Georges Bizet was a French composer of the Romantic era. He composed many piano and orchestral works throughout this career, however he is best known for his operas, most notably Carmen, which has gained a reputation as one of the most popular and often performed operas of any era. He also spent a large portion of his life as an arranger and accompanist, valued for his superior orchestration technique and his skills as a pianist. Unfortunately, Bizet lived quite a harsh life, filled with frustration and anxiety regarding his career as a composer. This constant state self-doubt often caused him to be unproductive during particular periods of his life by continuously abandoning his projects and compositions. Despite this, he had achieved notable successes and attracted the attention of many other composers of his era such as Liszt and Berlioz. Today, his works are recognised and performed all over the world.

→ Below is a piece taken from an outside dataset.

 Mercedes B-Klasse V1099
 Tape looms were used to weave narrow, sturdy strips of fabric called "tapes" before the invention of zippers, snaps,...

Georges Bizet was born Alexandre-César-Léopold Bizet in Paris on 25 October 1838. His father, Adolphe-Armand Bizet, was a singing teacher and his mother, Aimée Delsarte was an accomplished pianist. From a very young age, Bizet exhibited impressive musical talents. He was educated in music theory and it is likely that his mother taught him the piano. On 9 October 1848, just before his tenth birthday, he enrolled at the Paris Conservatoire where he spent the next nine years of his life developing his skills as a composer and pianist.
At the Conservatoire, Bizet was taught by several influential teachers including the composer, Fromental Halévy. Bizet was highly inspired by the many prestigious elements of Halévy's musical career and became very close with him and his family, later marrying his daughter, Geneviève. Bizet was also greatly inspired by Charles Gounod, a critical figure who influenced Bizet's musical style, which can be perceived in the work which he produced in his formative years. Each had an intimate enthusiasm for the other's work for many years after Bizet left the Conservatoire.